鬼に幸あれ

 

 

 

 

 

 

 

 

曇り。6度。

7時に起きる。

朝餉は、蜂蜜とヨーグルトをかけたリンゴ、キャベツ・厚揚げ・ネギの卵とじ煮、味噌汁(大根・玉葱・人参・シメジ・ネギ・油揚げ・豆腐)、バタートースト、アールグレイ。

サイレンを鳴らしてやってきた救急車が、ずっと玄関前に止まっている。回っていた赤灯はいつのまにか消えている。2度ほどベランダに出て様子を見る。

まだ停まっているよ。

あら……。

運び出せないわけでもあるのかな。

どんな?

体を動かせないとか……。

そんなことを口にするも、なぜだか後悔する。

昼餉は、マクドナルドでフレンチフライ、ハンバーガー、コーヒー。

高くなったものだ。それでも他国に比べたらと思いつつ、4口くらいで胃におさまるハンバーガー。コーヒーは薄くなってもまだ味はする。

小林秀雄著『本居宣長』より抜粋――

 

 薫と匂宮とに契った浮舟は、恋敵同士の争いが烈しくなるにつれ、進退に窮して、死のうと思う。しかし、作者は死なさない。初めから、死ねるような女には描いていないのである。
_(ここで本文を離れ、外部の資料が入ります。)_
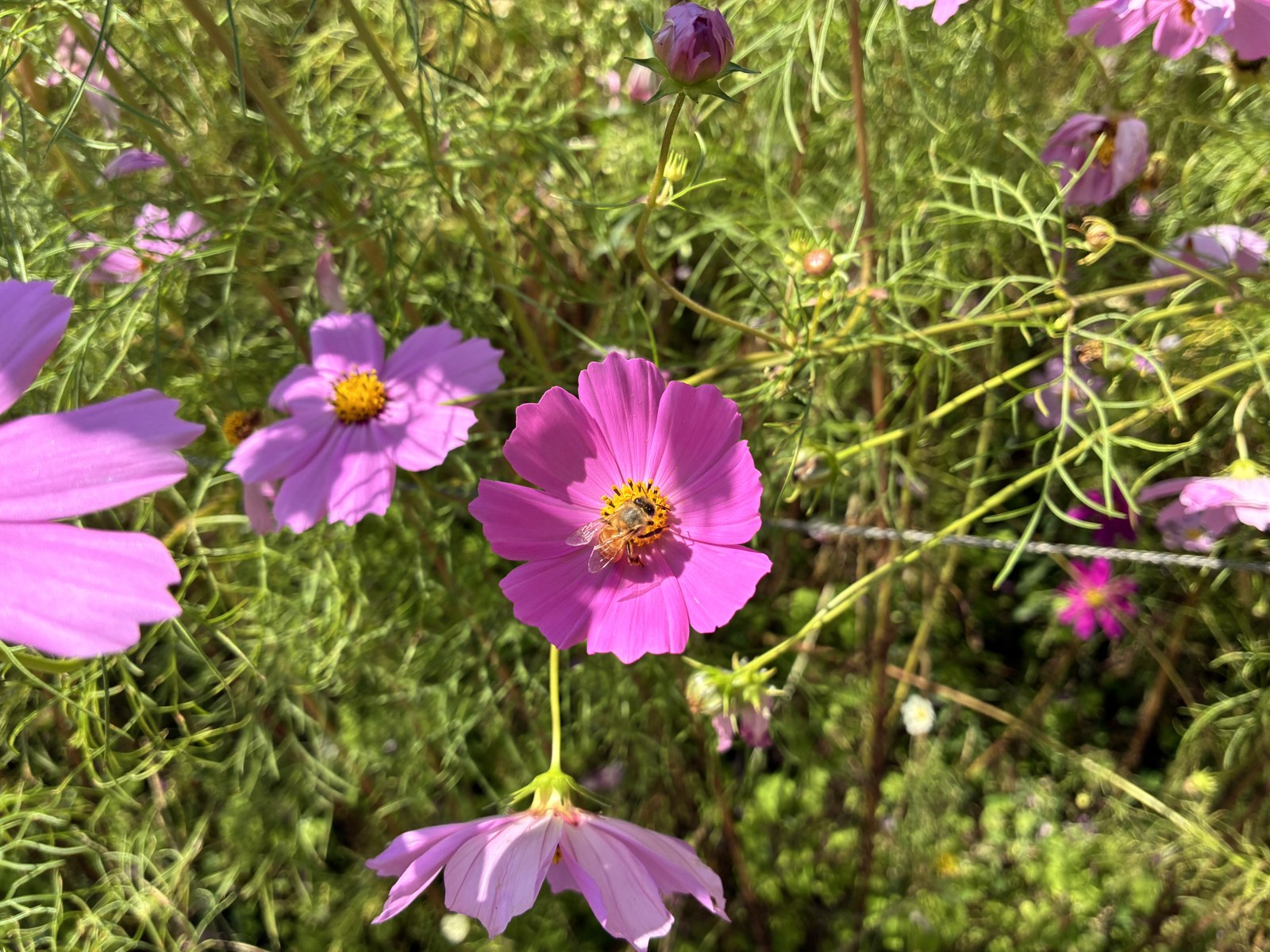 近くで見たコスモスの花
入水を決心はするが、とどのつまりは、われとわが決心に「おどろかされて、先立つ涙を、つつみ給ひて、物も言われず」という事で、「浮舟の巻」は閉じられて了う。追いつめられた女には、発狂しか残っていないのだが、読者は、他の登場人物等とともに、浮舟の行方不明を知らされるだけだ。真相は、「手習」に至って、はじめて語られる。宣長が言っているように、「いとおもしろき書きざま」(「玉のをぐし」九の巻)なのだが、これも、作者の構想の必然であって、作者の本意は、読者の興味だけを目指してはいなかったであろう。浮舟は、「物の怪」に抱かれ、さまよい出て、失神するのだが、われに還った彼女の記憶によれば、「物の怪」は、初めて彼女に恋情をよび覚ました、匂宮の姿をしていた。「物の怪」は、彼女自身の内部の深所から現れる。浮舟には、匂宮の肉体の「匂ひ」は、薫の教養の「薫り」より、実は深いものであった。無論、これを知っているのは作者であって、浮舟ではない。

 

妻が作った夕餉は、恵方巻きを模した手巻き寿司、ワカメスープ、福豆、ビール、赤ワイン。食後に焙じ茶、ケーキ。
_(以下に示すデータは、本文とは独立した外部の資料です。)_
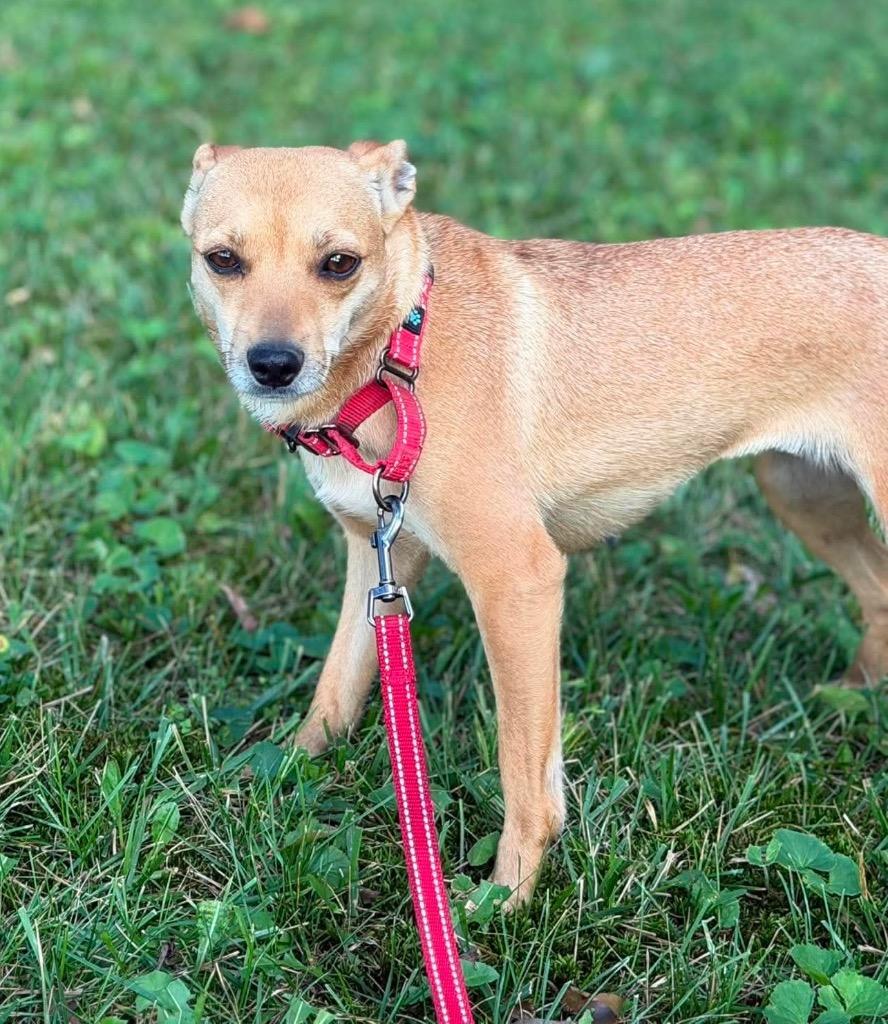 Revlon, Adoptable, Young Female Rat Terrier & Chihuahua.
酢飯を作って、海苔のうえにならす。そのあとを妻が具材を並べていく。巻き簀をきつく巻くのに僕はいつも手こずる。今日もちょっとゆるい。

たまにカンピョウが無性に食べたくなる。

カンピョウ巻きが呼んでいる。

ユウガオのひょうたんのような実を見て、それを紐みたいに剥いていき、天日に晒して乾燥させる。
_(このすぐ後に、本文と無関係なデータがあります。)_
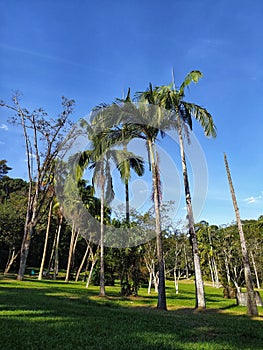 Palm trees in the Botanical Garden of Sao Paulo, Brazil photo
それをまた水に戻して、甘辛く煮詰めて、歳をとるほどに焦がれるように、恋慕をパラパラと蒔いてみたりして――古人の仕掛けに、僕らは釣り上げられる、笑顔とともに。

走り去った救急車に、僕らは気づかない。

運びだされたのか定かでない、その人は、まだこの世のヒトだろうか。